20 volontaires souffrent de graves réactions au vaccin COVID-19 de Johnson & Johnson, par Marco Cáceres

Publié le par Marguerite Rothe

« Le 23 septembre 2020, l'entreprise américaine Johnson & Johnson, Inc., spécialisée dans les produits pharmaceutiques et les dispositifs médicaux, a annoncé le début de l'essai clinique de phase 3 chez l'homme pour son vaccin expérimental Ad26.COV2.S pour COVID-19. La société basée au New Jersey, qui s'est associée à sa filiale belge Janssen Pharmaceutica NV pour le développement du vaccin, prévoit d'enrôler 60 000 volontaires pour participer à l'essai1 2 3 .

Johnson & Johnson a récemment annoncé les résultats de l'essai clinique de phase 1/2a pour le vaccin Ad26.COV2.S. L'essai en double aveugle, randomisé et contrôlé par placebo a inclus 796 participants divisés en deux groupes comprenant 402 adultes en bonne santé âgés de 18 à 55 ans dans un groupe et 394 personnes âgées en bonne santé de 65 ans et plus dans l'autre. Le premier groupe a été réparti en deux cohortes, la première (1a) et la seconde (1b). Le second groupe était la cohorte 3.4 5

Chacun des participants a reçu une injection intramusculaire unique d'Ad26.COV2.S à des niveaux de dose de 5×1010 ou 1×1011 particules virales (vp) par dose de vaccin. Après quatre semaines d'observation, 99 % de tous les participants ont développé des anticorps contre le virus du SRAS-CoV-2.4 5

Plus de la moitié des participants aux essais développent des effets indésirables après avoir reçu l'annonce26.COV2.S
Environ 58 % des participants des cohortes 1a et 1b ont subi des événements indésirables locaux, tandis que 64 % d'entre eux ont également subi des événements indésirables systémiques. Parmi les participants de la cohorte 3, 27 % ont subi des événements indésirables locaux, tandis que 36 % ont souffert d'événements systémiques. Parmi les adultes en bonne santé âgés de 18 à 55 ans des cohortes 1a et 1b, 19 % ont eu de la fièvre, tandis que 4 % des adultes de plus de 65 ans de la cohorte 3 ont eu de la fièvre. 4 5 .

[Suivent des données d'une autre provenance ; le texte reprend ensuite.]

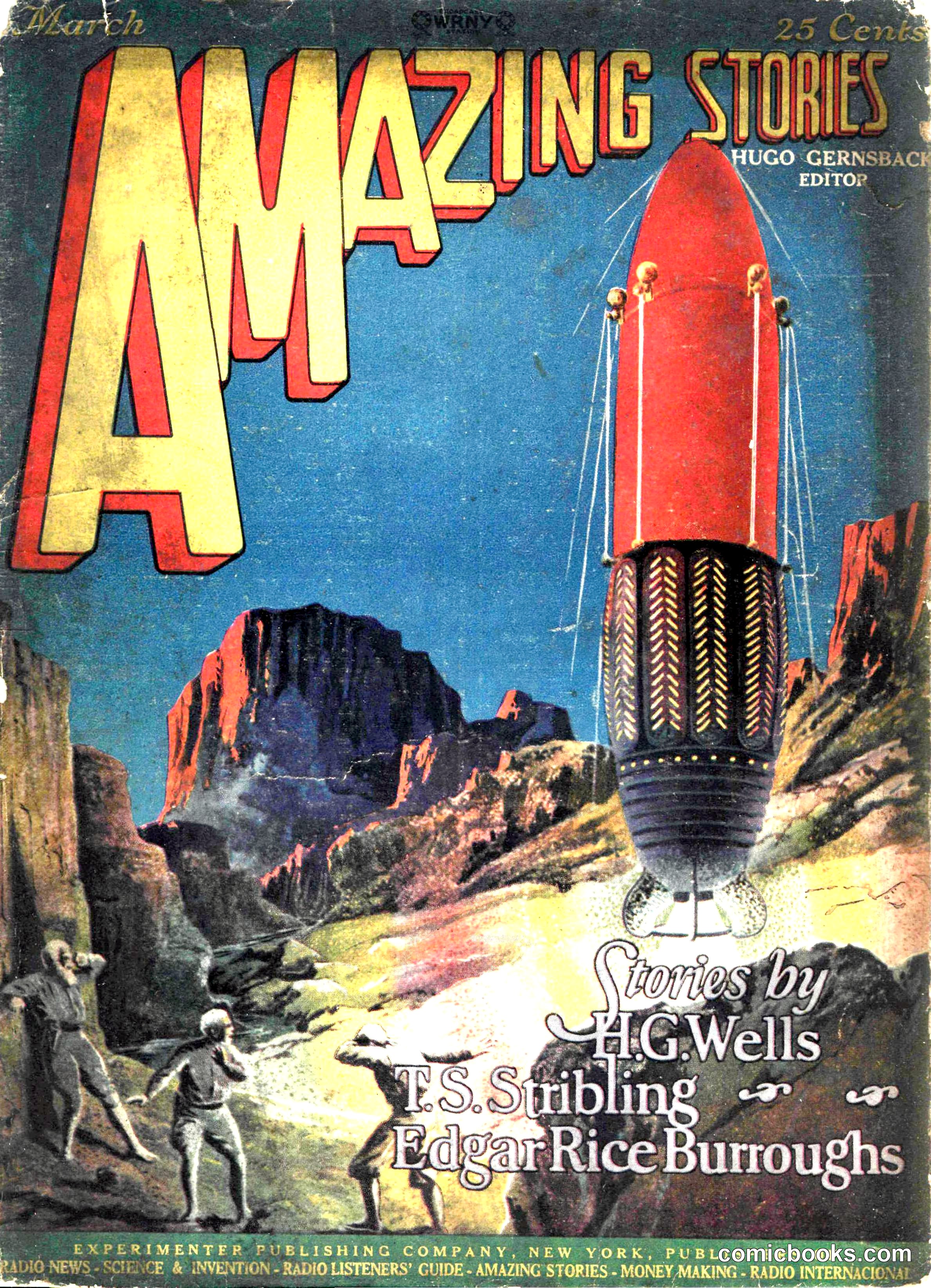 Amazing Stories, Vol. 1 No. 12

La plupart des fièvres ont été considérées comme légères ou modérées et se sont résolues dans les deux jours suivant la vaccination. Cependant, cinq pour cent (20) des participants des cohortes 1a et 1b ont souffert de fièvres de grade 3 de plus de 101,3°F. Les événements indésirables de grade 3 sont considérés comme des réactions graves. Ils ne sont qu'à un grade de "danger de mort" (grade 4) et à deux grades de "décès" (grade 5).4 5 6 7

Selon un reportage sur l'essai de la phase 1/2a de Johnson & Johnson, "deux événements indésirables graves ont été enregistrés. L'un des participants souffrait d'hypotension ; cependant, cet effet n'est pas lié à la vaccination car le participant avait des antécédents d'hypotension. Un autre participant ayant de la fièvre a été hospitalisé comme cas suspect de COVID-19 ; cependant, la fièvre a disparu dans les 12 heures".5

Les effets indésirables les plus fréquents rencontrés par les participants à l'essai étaient la douleur au point d'injection, la fatigue, les maux de tête et la myalgie (douleur musculaire).4 5

Ad26.COV2.S utilise la technologie AdVac pour transporter le code génétique du SRAS-CoV-2 dans les cellules
Le 20 mars, Johnson& Johnson a annoncé qu'elle avait reçu 1 milliard de dollars de la Biomedical Advanced Research and Development Authority (BARDA) du ministère américain de la santé et des services sociaux (HHS) pour développer un vaccin COVID-19 vectorisé par un advenovirus en utilisant la technologie AdVac de J&J et le PER.C6, une lignée cellulaire obtenue par transformation de cellules épithéliales rétiniennes embryonnaires avec le gène de la région E1 de l'adénovirus humain de type 5, pour la production.8

Le vaccin Ad26.COV2.S de J&J combine le matériel génétique du virus du SRAS-CoV-2 qui provoque le COVID-19 avec un adénovirus qui provoque le rhume mais qui aurait été génétiquement modifié de sorte qu'il ne peut plus se répliquer et provoquer la maladie. L'adénovirus "désarmé" agit comme un vecteur, transportant le code génétique du virus du SRAS-CoV-2 dans les cellules humaines et est censé apprendre au système immunitaire à créer des anticorps pour attaquer les "protéines de pointe" du SRAS-CoV-2 qui permettent au virus d'infecter les cellules.1 3 9

Cette technologie d'adénovirus recombinant, connue sous le nom d'AdVac, a été utilisée pour produire le vaccin Ebola de Johnson & Johnson, qui a été approuvé par la Commission européenne (CE) le 1er juillet 2020. Les responsables de J&J ont déclaré que les premiers lots d'un vaccin COVID-19 pourraient être disponibles pour une autorisation d'utilisation d'urgence au début de 2021.» par Marcos Caceres (Traduction DeepL)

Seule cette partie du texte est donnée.